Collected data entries
[Start of section]
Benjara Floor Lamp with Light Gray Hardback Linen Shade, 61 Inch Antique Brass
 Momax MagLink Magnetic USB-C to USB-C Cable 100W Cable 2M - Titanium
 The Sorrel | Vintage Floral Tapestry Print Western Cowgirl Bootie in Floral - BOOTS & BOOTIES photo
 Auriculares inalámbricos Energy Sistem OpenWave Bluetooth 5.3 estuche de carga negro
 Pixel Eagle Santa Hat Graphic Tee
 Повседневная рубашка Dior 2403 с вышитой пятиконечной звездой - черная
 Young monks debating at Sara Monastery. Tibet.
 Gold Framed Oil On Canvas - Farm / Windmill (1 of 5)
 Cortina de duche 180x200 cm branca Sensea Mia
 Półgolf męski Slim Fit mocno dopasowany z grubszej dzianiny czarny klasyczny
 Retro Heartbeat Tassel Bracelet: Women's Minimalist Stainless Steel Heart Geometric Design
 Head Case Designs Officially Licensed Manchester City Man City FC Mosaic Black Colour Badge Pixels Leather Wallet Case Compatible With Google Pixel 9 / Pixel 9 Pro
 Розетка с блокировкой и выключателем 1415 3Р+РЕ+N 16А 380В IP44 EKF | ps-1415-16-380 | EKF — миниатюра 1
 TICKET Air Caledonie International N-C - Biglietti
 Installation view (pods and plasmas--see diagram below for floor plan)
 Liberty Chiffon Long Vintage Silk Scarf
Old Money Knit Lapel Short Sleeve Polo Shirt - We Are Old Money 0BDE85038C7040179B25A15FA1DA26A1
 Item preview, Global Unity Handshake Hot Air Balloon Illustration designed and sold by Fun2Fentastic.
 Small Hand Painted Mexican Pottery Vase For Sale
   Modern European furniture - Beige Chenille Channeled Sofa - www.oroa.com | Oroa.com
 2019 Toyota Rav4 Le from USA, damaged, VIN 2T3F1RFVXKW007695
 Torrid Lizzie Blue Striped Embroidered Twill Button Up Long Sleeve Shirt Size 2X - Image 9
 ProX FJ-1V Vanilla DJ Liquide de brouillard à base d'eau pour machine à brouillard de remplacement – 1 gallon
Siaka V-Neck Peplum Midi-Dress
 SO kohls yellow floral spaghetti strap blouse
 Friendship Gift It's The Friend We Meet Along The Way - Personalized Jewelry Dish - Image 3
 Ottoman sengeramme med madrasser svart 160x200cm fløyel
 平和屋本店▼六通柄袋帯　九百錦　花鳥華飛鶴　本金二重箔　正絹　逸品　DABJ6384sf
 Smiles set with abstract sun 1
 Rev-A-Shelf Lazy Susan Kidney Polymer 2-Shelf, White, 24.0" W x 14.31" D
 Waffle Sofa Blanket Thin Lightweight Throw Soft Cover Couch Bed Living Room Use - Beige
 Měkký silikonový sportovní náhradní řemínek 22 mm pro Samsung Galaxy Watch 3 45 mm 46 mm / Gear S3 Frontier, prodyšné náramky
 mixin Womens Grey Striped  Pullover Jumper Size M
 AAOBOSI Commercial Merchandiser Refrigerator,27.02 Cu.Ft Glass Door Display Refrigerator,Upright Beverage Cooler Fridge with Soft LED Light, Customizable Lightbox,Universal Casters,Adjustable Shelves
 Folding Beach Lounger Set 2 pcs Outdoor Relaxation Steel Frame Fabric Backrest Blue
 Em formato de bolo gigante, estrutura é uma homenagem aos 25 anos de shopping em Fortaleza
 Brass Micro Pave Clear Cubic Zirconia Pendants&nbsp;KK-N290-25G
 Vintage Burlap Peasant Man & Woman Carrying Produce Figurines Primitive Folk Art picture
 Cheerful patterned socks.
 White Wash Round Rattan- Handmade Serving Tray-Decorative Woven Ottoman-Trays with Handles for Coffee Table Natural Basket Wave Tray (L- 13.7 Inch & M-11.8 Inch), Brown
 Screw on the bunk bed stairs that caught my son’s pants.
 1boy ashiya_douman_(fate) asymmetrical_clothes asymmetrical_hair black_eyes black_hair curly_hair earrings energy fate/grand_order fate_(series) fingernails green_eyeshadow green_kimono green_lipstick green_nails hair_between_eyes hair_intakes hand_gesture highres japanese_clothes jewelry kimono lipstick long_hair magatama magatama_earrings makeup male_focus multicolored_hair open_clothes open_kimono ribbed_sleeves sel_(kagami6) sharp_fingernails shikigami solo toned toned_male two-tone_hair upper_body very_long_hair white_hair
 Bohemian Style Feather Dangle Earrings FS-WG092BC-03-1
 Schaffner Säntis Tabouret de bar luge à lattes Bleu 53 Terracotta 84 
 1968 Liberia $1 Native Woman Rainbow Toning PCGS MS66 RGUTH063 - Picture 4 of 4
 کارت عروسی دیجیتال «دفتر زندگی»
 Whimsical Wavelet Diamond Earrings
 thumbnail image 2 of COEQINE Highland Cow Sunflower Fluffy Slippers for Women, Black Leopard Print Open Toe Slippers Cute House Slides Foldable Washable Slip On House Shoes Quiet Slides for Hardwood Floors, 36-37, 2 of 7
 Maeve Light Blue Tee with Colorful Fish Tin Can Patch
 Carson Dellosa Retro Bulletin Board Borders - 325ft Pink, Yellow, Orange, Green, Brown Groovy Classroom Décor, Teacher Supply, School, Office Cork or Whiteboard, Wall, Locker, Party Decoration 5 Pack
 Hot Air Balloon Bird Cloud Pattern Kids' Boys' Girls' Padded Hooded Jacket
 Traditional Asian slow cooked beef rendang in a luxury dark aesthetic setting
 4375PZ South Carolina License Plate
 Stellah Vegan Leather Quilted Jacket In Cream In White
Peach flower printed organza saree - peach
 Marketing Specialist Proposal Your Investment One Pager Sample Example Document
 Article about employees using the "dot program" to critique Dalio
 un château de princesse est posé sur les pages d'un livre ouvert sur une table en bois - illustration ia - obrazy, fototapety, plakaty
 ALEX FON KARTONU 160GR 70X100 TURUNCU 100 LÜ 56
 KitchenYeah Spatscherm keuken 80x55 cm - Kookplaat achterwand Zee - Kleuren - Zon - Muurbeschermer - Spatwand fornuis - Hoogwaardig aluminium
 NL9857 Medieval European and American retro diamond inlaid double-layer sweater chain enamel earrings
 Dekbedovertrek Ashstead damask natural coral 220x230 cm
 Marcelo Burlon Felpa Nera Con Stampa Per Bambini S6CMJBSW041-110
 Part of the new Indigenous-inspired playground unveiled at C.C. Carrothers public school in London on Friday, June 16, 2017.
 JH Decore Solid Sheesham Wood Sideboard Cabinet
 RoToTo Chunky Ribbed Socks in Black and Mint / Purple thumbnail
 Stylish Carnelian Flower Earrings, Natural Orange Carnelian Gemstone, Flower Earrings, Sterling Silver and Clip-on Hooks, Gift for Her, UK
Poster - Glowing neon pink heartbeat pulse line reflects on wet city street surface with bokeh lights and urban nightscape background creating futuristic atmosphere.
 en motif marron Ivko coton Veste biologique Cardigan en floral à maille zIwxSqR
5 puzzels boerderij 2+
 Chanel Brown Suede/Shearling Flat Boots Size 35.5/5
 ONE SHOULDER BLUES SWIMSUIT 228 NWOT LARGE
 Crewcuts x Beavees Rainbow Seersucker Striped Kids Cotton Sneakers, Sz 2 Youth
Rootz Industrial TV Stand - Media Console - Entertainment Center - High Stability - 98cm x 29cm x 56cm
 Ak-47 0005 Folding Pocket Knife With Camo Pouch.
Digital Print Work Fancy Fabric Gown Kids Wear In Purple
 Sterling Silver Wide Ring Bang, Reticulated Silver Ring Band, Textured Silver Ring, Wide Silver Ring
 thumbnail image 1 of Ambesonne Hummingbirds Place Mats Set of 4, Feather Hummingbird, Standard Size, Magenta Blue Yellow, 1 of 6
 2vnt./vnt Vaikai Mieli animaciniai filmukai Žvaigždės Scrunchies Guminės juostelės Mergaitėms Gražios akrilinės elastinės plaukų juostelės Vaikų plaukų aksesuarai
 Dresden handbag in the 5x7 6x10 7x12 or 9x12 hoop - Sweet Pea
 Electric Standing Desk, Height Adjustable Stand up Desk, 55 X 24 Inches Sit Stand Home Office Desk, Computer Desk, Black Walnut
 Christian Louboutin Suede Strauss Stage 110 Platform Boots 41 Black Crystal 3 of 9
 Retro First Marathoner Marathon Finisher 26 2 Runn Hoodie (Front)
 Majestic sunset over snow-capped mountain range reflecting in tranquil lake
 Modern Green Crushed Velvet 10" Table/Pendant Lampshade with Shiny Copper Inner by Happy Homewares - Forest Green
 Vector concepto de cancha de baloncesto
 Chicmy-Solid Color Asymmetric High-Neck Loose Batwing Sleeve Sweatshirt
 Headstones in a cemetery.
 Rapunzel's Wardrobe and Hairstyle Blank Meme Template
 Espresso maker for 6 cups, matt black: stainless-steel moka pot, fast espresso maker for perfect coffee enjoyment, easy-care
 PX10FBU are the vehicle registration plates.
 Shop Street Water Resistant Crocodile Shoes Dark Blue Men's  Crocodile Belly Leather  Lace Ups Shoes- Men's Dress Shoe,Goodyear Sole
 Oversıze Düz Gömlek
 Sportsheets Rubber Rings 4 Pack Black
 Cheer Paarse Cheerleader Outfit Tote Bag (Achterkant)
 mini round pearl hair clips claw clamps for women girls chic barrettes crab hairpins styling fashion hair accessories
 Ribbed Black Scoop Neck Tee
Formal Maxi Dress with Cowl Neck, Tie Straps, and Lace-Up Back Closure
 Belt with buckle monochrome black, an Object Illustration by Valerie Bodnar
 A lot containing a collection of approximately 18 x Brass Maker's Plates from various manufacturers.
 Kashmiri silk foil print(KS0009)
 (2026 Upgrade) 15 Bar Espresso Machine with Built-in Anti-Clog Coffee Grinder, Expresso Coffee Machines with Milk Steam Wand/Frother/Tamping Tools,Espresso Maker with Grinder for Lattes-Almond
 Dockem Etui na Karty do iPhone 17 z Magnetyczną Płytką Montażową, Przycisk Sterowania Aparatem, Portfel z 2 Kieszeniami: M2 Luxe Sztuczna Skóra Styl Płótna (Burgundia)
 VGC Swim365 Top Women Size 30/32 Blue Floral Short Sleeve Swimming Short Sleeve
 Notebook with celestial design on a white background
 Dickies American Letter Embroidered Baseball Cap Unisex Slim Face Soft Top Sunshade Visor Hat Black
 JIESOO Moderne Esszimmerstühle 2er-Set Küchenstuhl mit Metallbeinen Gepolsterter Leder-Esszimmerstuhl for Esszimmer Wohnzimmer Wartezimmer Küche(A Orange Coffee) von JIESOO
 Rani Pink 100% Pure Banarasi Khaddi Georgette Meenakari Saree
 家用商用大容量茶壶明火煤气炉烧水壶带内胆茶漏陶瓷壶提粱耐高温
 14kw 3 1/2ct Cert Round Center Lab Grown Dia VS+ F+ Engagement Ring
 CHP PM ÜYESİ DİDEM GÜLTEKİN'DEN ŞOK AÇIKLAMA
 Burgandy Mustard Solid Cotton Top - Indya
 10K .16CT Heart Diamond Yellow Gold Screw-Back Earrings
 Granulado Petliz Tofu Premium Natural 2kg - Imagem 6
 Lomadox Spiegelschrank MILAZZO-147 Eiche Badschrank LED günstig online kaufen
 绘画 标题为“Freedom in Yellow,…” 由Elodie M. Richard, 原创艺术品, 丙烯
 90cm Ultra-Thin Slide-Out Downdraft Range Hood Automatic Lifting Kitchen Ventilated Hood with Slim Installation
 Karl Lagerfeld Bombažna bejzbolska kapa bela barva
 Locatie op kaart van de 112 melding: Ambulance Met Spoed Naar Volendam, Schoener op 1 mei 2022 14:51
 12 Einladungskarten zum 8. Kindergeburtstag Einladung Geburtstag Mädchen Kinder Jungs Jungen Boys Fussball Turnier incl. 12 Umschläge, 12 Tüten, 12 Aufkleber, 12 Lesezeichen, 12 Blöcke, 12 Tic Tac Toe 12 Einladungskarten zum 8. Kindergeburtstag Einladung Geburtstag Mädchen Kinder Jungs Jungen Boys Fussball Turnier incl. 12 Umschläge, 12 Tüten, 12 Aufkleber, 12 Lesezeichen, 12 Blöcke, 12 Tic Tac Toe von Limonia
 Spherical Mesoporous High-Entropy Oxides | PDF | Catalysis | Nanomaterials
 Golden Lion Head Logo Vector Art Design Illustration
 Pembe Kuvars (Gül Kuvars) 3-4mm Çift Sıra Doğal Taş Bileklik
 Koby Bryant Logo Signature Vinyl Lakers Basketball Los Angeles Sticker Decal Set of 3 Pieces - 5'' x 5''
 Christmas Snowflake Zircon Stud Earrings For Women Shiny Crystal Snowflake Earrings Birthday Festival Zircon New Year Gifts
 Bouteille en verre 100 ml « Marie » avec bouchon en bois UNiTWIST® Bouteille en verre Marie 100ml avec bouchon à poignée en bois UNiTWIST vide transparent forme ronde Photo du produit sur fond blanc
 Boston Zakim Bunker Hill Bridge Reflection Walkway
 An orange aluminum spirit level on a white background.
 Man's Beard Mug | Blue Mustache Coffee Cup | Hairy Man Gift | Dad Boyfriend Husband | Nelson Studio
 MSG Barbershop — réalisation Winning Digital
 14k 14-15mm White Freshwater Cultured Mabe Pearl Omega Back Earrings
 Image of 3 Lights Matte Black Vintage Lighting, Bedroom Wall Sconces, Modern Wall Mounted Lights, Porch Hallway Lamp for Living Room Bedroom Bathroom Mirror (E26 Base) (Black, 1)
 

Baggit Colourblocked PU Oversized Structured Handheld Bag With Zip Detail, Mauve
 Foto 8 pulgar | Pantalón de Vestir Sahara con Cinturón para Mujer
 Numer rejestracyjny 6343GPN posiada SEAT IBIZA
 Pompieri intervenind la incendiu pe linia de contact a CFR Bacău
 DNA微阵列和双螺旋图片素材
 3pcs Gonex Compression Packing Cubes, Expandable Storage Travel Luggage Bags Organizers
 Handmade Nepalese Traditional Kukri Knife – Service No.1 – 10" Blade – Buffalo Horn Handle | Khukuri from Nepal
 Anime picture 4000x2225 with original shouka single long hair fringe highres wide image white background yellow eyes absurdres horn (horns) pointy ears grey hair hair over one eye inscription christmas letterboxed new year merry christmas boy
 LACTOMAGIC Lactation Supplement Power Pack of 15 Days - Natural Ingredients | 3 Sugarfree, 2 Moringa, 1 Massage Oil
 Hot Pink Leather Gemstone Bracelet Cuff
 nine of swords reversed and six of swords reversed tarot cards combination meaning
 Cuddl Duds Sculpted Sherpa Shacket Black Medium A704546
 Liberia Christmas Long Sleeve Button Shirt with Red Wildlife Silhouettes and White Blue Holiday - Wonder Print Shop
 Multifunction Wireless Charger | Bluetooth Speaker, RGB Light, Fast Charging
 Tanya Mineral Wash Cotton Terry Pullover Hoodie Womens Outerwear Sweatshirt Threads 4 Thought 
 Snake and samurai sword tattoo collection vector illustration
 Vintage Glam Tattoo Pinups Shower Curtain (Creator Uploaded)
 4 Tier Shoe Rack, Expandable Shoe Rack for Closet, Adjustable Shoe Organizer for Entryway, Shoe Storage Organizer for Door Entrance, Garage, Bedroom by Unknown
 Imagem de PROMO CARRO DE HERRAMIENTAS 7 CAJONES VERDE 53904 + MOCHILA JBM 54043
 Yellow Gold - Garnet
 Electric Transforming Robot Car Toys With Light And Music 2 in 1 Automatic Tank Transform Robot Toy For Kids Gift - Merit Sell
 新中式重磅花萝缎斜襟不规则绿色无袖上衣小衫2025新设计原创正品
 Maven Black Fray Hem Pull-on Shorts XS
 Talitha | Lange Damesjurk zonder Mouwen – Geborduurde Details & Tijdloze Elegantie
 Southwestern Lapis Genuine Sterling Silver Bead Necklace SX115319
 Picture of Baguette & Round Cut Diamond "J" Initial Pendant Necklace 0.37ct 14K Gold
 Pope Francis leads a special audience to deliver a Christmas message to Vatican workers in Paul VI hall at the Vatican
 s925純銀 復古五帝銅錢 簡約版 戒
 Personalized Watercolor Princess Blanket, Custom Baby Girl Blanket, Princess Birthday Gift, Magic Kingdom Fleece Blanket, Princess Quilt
[End of section]
Work to be completed - Pull every line that holds the string "Brown" out of the records.

Response -
 White Wash Round Rattan- Handmade Serving Tray-Decorative Woven Ottoman-Trays with Handles for Coffee Table Natural Basket Wave Tray (L- 13.7 Inch & M-11.8 Inch), Brown
 Carson Dellosa Retro Bulletin Board Borders - 325ft Pink, Yellow, Orange, Green, Brown Groovy Classroom Décor, Teacher Supply, School, Office Cork or Whiteboard, Wall, Locker, Party Decoration 5 Pack
 Chanel Brown Suede/Shearling Flat Boots Size 35.5/5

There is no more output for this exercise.